In the study, researchers compared expression of myelin-associated genes in the preserved brains of 15 people with schizophrenia, 15 with manic-depressive illness (bipolar disorder), and 15 from a control group of individuals with neither disorder.
"The expression profiles of most known oligodendrocyte-specific and myelin-associated genes were greatly reduced, and several transcription factors known to coordinate myelin gene expression showed corresponding changes," says Yolken. "These results provide strong evidence for oligodendrocyte and myelin dysfunction in patients with schizophrenia and bipolar disorder."
Yolken says the reason for this dysfunction is not currently known, but may be related, in some cases, to infections of the central nervous system or other environmental issues. This possibility is consistent with previous studies which indicate that infections occurring early in infancy may be a risk factor for the development of schizophrenia and biopolar disorder later in life.
Because symptoms of both schizophrenia and bipolar disorder typically emerge only in late adolescence or early adulthood, Yolken says this current research may someday help physicians screen children whose family histories put them at potential risk for developing these disorders, and treat them before they exhibit symptoms.

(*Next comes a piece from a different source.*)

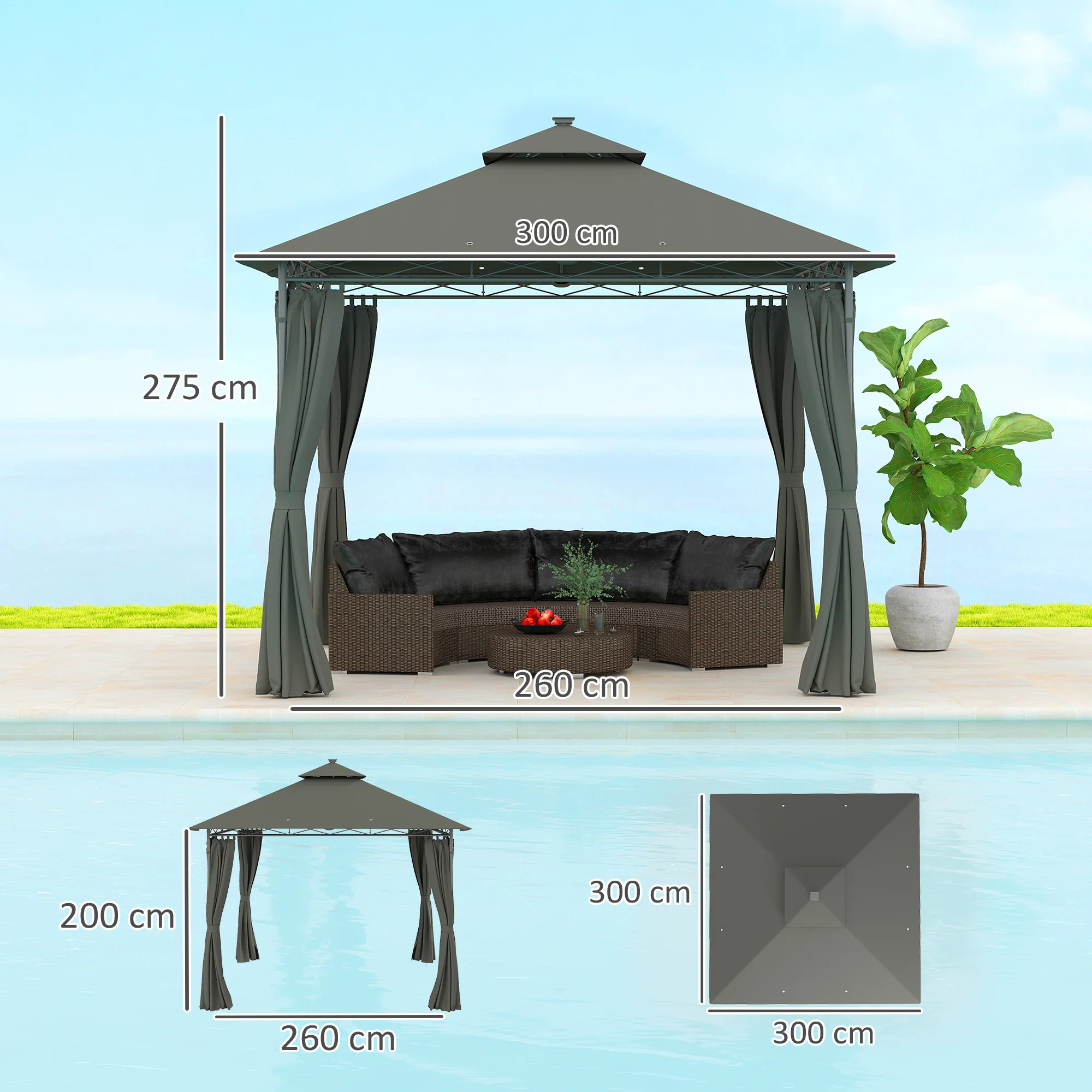 Outsunny 3 x 3 m Double Roof Outdoor Gazebo with Curtains, Dark Grey - Image 23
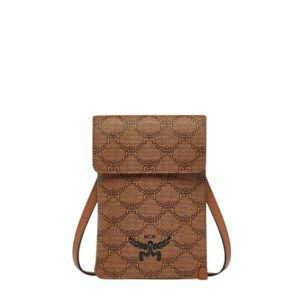 MCM MINI HIMMEL CROSSBODY POUCH IN LAURETOS COGNAC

"By looking for abnormalities in myelin, we might be able to identify children likely to develop these disorders as adults and begin treatment before symptoms become severe and debilitating," Yolken said.
Most of the laboratory work was conducted in the laboratory of Sabine Bahn at the Babraham Institute of the University of Cambridge. Additional authors of the study were Dmitri Tkachev, Michael L. Mimmack, and Margaret M. Ryan from the University of Cambridge and the Babraham Institute; Peter B. Jones from the University of Cambridge; Matt Wayland, Tom Freeman and Michael Starkey from the U.K. Human Genome Mapping Project Resource Centre; and Maree J. Webster from the Stanley Laboratory of Brain Research, Bethesda, MD.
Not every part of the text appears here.